In full and without alteration, reproduce every record.

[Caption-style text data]
┌────────

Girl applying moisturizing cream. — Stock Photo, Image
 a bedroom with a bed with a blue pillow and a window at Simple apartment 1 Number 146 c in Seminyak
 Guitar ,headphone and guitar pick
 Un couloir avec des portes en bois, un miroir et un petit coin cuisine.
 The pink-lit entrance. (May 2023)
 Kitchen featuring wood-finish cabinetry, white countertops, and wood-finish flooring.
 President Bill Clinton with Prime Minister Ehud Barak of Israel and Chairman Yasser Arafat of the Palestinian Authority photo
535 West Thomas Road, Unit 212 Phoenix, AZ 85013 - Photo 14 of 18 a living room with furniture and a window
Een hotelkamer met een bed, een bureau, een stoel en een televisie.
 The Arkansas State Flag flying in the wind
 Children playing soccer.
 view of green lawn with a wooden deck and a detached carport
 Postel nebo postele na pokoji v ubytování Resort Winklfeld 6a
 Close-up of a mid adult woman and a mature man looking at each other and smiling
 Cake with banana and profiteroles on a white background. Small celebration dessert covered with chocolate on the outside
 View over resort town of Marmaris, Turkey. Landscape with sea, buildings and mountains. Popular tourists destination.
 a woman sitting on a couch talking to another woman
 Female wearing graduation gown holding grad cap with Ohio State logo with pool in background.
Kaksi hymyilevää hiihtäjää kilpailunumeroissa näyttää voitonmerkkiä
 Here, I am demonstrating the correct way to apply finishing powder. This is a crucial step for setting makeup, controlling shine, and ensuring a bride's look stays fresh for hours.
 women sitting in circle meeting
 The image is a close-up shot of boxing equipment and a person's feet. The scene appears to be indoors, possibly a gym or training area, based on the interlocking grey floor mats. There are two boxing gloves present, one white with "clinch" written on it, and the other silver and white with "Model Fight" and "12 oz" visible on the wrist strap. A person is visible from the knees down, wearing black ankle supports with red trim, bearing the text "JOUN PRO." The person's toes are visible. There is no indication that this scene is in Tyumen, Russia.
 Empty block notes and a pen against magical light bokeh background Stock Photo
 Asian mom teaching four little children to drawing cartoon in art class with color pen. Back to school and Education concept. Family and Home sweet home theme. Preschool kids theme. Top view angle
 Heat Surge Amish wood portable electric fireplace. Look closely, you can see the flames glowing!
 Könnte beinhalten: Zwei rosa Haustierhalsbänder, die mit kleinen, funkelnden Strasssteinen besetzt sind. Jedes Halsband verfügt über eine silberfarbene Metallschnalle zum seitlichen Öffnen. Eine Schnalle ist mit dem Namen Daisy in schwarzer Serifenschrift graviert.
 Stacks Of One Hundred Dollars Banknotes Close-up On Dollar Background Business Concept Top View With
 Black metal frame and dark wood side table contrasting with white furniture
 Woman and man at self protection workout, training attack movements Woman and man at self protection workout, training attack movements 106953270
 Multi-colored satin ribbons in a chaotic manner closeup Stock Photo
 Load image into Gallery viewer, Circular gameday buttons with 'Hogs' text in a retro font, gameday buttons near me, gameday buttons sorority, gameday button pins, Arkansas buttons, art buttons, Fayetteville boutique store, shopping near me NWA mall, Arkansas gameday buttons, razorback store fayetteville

└────────

--- Exercise answer ---
Girl applying moisturizing cream. — Stock Photo, Image
 a bedroom with a bed with a blue pillow and a window at Simple apartment 1 Number 146 c in Seminyak
 Guitar ,headphone and guitar pick
 Un couloir avec des portes en bois, un miroir et un petit coin cuisine.
 The pink-lit entrance. (May 2023)
 Kitchen featuring wood-finish cabinetry, white countertops, and wood-finish flooring.
 President Bill Clinton with Prime Minister Ehud Barak of Israel and Chairman Yasser Arafat of the Palestinian Authority photo
535 West Thomas Road, Unit 212 Phoenix, AZ 85013 - Photo 14 of 18 a living room with furniture and a window
Een hotelkamer met een bed, een bureau, een stoel en een televisie.
 The Arkansas State Flag flying in the wind
 Children playing soccer.
 view of green lawn with a wooden deck and a detached carport
 Postel nebo postele na pokoji v ubytování Resort Winklfeld 6a
 Close-up of a mid adult woman and a mature man looking at each other and smiling
 Cake with banana and profiteroles on a white background. Small celebration dessert covered with chocolate on the outside
 View over resort town of Marmaris, Turkey. Landscape with sea, buildings and mountains. Popular tourists destination.
 a woman sitting on a couch talking to another woman
 Female wearing graduation gown holding grad cap with Ohio State logo with pool in background.
Kaksi hymyilevää hiihtäjää kilpailunumeroissa näyttää voitonmerkkiä
 Here, I am demonstrating the correct way to apply finishing powder. This is a crucial step for setting makeup, controlling shine, and ensuring a bride's look stays fresh for hours.
 women sitting in circle meeting
 The image is a close-up shot of boxing equipment and a person's feet. The scene appears to be indoors, possibly a gym or training area, based on the interlocking grey floor mats. There are two boxing gloves present, one white with "clinch" written on it, and the other silver and white with "Model Fight" and "12 oz" visible on the wrist strap. A person is visible from the knees down, wearing black ankle supports with red trim, bearing the text "JOUN PRO." The person's toes are visible. There is no indication that this scene is in Tyumen, Russia.
 Empty block notes and a pen against magical light bokeh background Stock Photo
 Asian mom teaching four little children to drawing cartoon in art class with color pen. Back to school and Education concept. Family and Home sweet home theme. Preschool kids theme. Top view angle
 Heat Surge Amish wood portable electric fireplace. Look closely, you can see the flames glowing!
 Könnte beinhalten: Zwei rosa Haustierhalsbänder, die mit kleinen, funkelnden Strasssteinen besetzt sind. Jedes Halsband verfügt über eine silberfarbene Metallschnalle zum seitlichen Öffnen. Eine Schnalle ist mit dem Namen Daisy in schwarzer Serifenschrift graviert.
 Stacks Of One Hundred Dollars Banknotes Close-up On Dollar Background Business Concept Top View With
 Black metal frame and dark wood side table contrasting with white furniture
 Woman and man at self protection workout, training attack movements Woman and man at self protection workout, training attack movements 106953270
 Multi-colored satin ribbons in a chaotic manner closeup Stock Photo
 Load image into Gallery viewer, Circular gameday buttons with 'Hogs' text in a retro font, gameday buttons near me, gameday buttons sorority, gameday button pins, Arkansas buttons, art buttons, Fayetteville boutique store, shopping near me NWA mall, Arkansas gameday buttons, razorback store fayetteville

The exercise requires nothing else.